Is there a Market for Premium R Packages?

Nathan Yau, of the excellent FlowingData blog, recently asked on his Twitter stream:

I wonder if there’s a market for premium R packages, like there is for say, @wordpress themes and plugins

There are some great packages available for R, all of which are currently free. I think it would be great if authors like Hadley Wickham and Ian Fellows received remuneration for their efforts. However, I see a trap here.

From my perspective, R has two main barriers to adoption: the learning curve and IT support.

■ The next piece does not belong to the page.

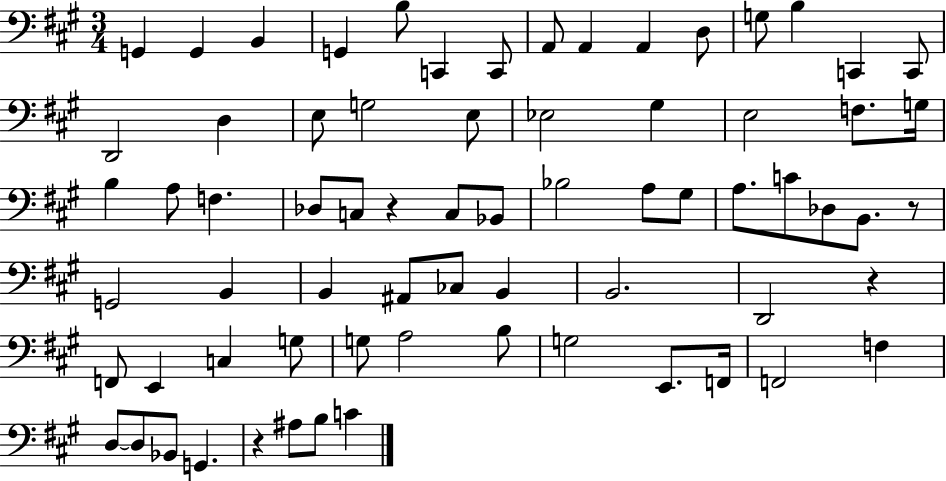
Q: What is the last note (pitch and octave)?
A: C4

The learning curve is steep enough that casual users will not get very far, and infrequent users tend to slide backwards and have to relearn (I’ve had to develop a mind map of common functions to help mitigate this problem for myself). R packages generally address the learning curve. There aren’t many packages that provide functions that the user couldn’t have created for themselves with base R, but the packages make using their functions much easier. ggplot2 and its support packages plyr and reshape make a perfect example. The default R graphical output is pretty good, but ggplot2 offers better aesthetic defaults and provides an easier path to advanced functions, like transforming data and adding fitted curves and “ribbons.”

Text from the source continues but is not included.